Folha de S. Paulo


Drogas e eleição

Apesar de ser um tema profundamente indigesto para candidatos com real chance de vitória, a questão das drogas não pode ficar fora do debate eleitoral.

O Brasil, assim como muitos países da América Latina, tem experimentado um processo de expansão no consumo de drogas na última década. As drogas vêm se consolidando como parte do repertório de "entretenimento" da população jovem, não apenas nas grandes metrópoles, mas também em cidades de médio e pequeno porte.

De um país de trânsito, o Brasil tornou-se um dos principais pontos de consumo e também de alta produção. Somos hoje o segundo maior consumidor de cocaína do mundo.

A complexidade e a competição no mercado de drogas têm tornado os traficantes cada vez mais eficientes e globalmente conectados, fazendo a atuação das autoridades ainda mais difícil.

As consequências de uma insensata e ineficaz política antidrogas são devastadoras. Os impactos sobre os consumidores, suas famílias e a comunidade, assombrosos, especialmente nas franjas sociais, onde as redes de proteção encontram-se mais esgarçadas.

Estima-se que uma parte substancial dos mais de 50 mil homicídios praticados no Brasil a cada ano esteja direta ou indiretamente ligada ao comércio de drogas. As necessidades financeiras decorrentes do vício favorecem o crescimento de crimes contra o patrimônio, como temos assistido nos últimos anos.

Essas consequências são diretamente sentidas no sistema carcerário. De 1990 aos dias de hoje, o sistema prisional cresceu mais de 500%, saltando de 90 mil para 540 mil detentos. Hoje, pelo menos 25% dos homens e 50% das mulheres encontram-se presos por tráfico.

Grande parte desse contingente é composta por passadores, especialmente entre as mulheres. Muitas delas aliciadas pelo tráfico na porta dos cárceres ao visitar companheiros, pais ou filhos. Cárceres violentos, superlotados e dominados por facções, onde o Estado é apenas sócio minoritário, tornaram-se um elemento chave na espiral de crescimento do tráfico no Brasil.

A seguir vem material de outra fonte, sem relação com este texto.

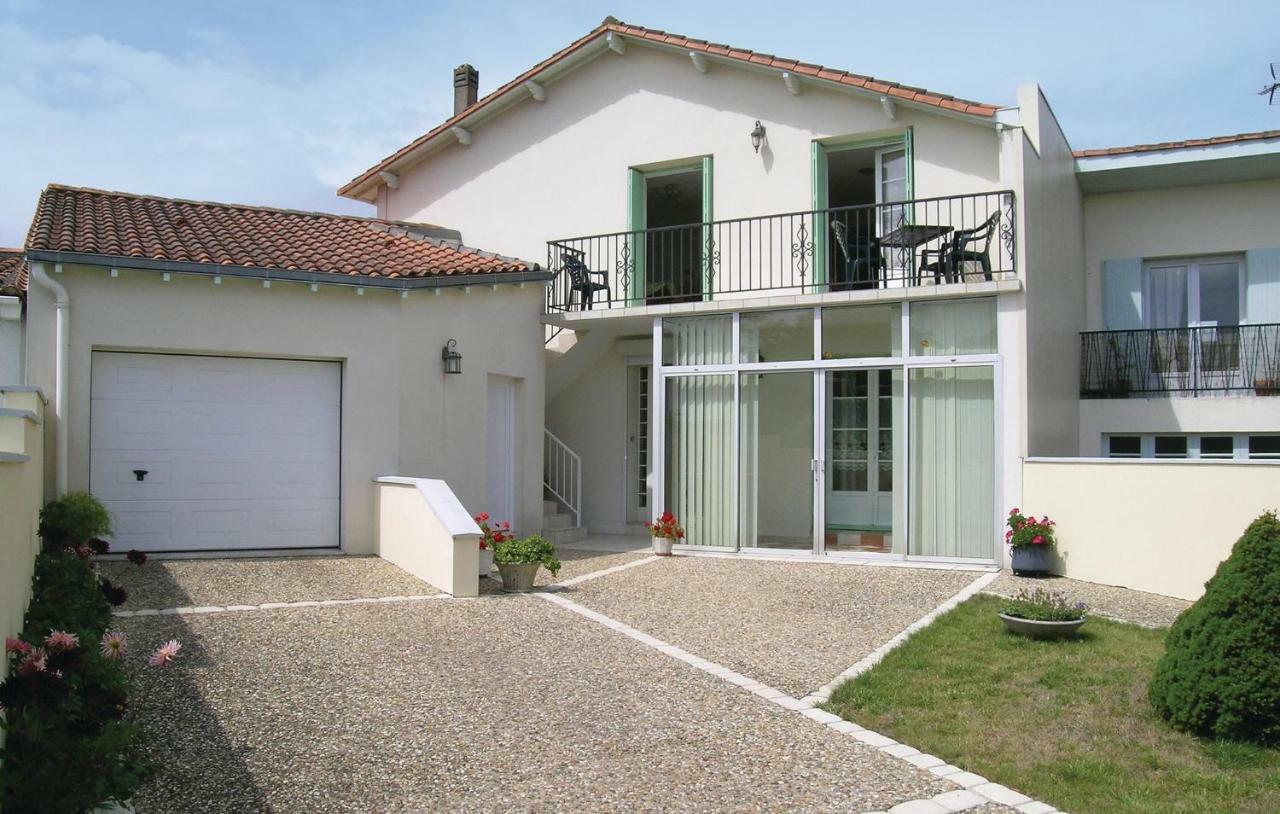 Amazing Apartment In Vaux Sur Mer With Wifi Extérieur photo
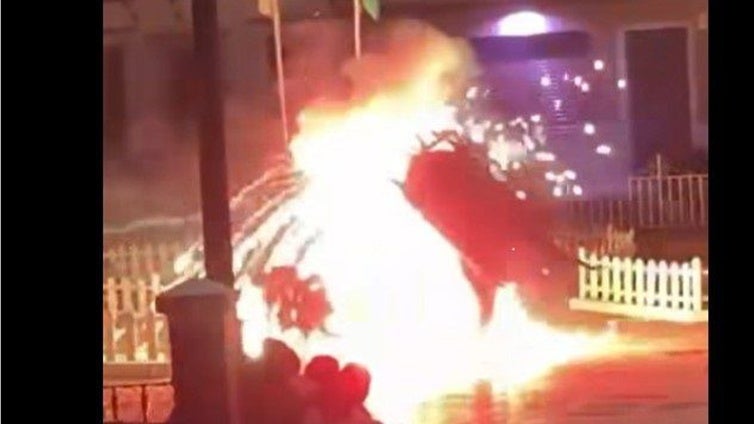 Al menos una herida grave por un toro de fuego durante las fiestas de Escacena del Campo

A democracia e o Estado de Direito também se tornam vítimas de um mercado criminoso altamente rentável. Com margens de lucro astronômicas, o tráfico elege seus representantes, corrompe autoridades e aterroriza a comunidade, fragilizando ainda mais a capacidade do Estado de manter a paz. Excedentes de recursos também são empregados na compra de armas pesadas que, além de fomentar a criminalidade internacional, deixam acuadas as autoridades públicas.

Em resumo, a política de guerra às drogas, prevalentemente repressiva, marginaliza consumidores, promove o crime e tem um efeito exponencial sobre a corrupção. Daí o seu fracasso.

Estudos e corajosas experiências têm demonstrado que o melhor caminho é investir em políticas ativas de prevenção, tratamento, controle de danos e cerrado cerco aos verdadeiros traficantes.

Isso exige nova postura do direito criminal em relação a consumidores e pequenos distribuidores. Portugal, Suíça, Uruguai e diversos Estados norte-americanos estão buscando novas alternativas. Não se trata de propor políticas minimamente tolerantes com drogas, traficantes e seus acólitos no poder público e no sistema financeiro, mas de estabelecer meios mais eficientes para conter o seu devastador impacto sobre os jovens, as comunidades e a própria democracia.